/ Ein Spiegelbild
Kein leichtes Unterfangen, wenn man bedenkt, was tagtäglich auf unseren Straßen los ist und wie schwer – um nicht zu sagen fast unmöglich – es ist, alle Verkehrsteilnehmer auf die zahlreichen Gefahren hin zu sensibilisieren.

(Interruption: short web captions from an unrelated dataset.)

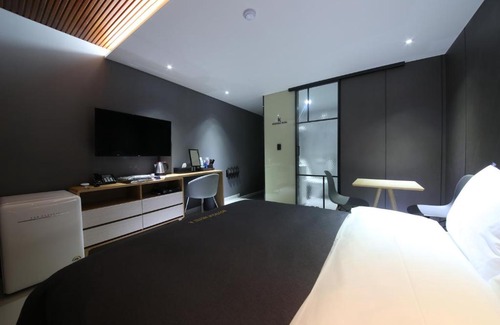 Jeonju Hôtel | Hotel K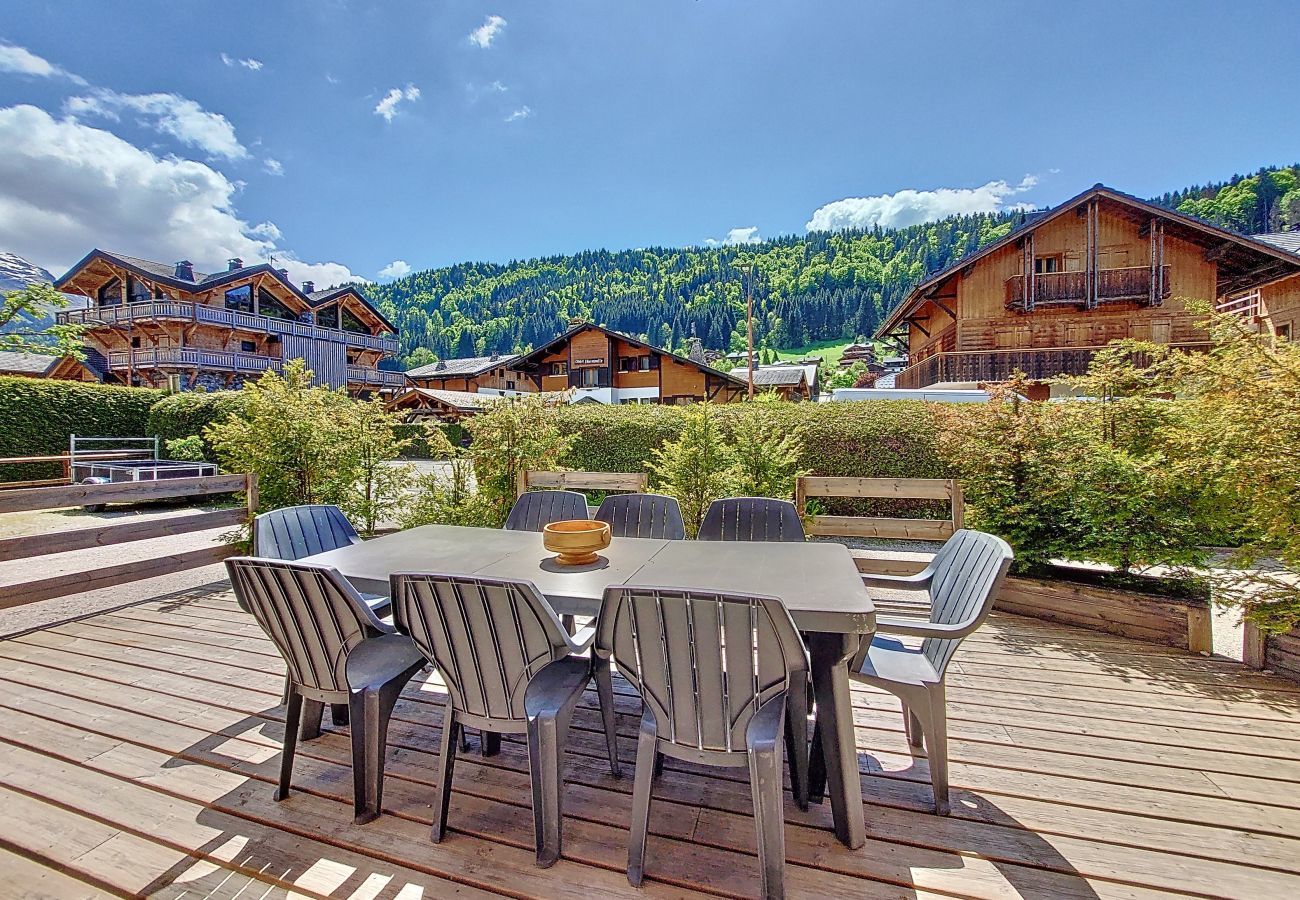 Apartment in Morzine - Etoile Filante 1&2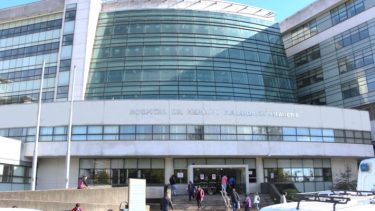 El ciudadano argentino permanece internado en el hospital de Temuco.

Viele gut gemeinte Ratschläge erreichen wohl die Masse der Leute, aber leider allzu selten die graue Masse eines jeden Einzelnen.
Ohne Blinker abbiegen ist zum Kavaliersdelikt mutiert; hohe Geschwindigkeiten sind anscheinend „cool“; Fahren ohne Führerschein, wen juckt das schon; alkoholisiert hinterm Lenkrad, halb so schlimm; bei Rot über die Ampel, keiner hat’s gesehen; Gurt nicht angelegt, stört ja nur; mit dem Mobiltelefon am Ohr trotz Verbots, das sieht ja auch keiner; gefährliche Überholmanöver, das setzt halt ein bisschen Adrenalin frei; mit 80 km/h durch die Ortschaft, die anderen können ja Acht geben; das Missachten des Stoppschilds ist zum Volkssport geworden; Vorfahrt überlassen, was bitte ist denn das? …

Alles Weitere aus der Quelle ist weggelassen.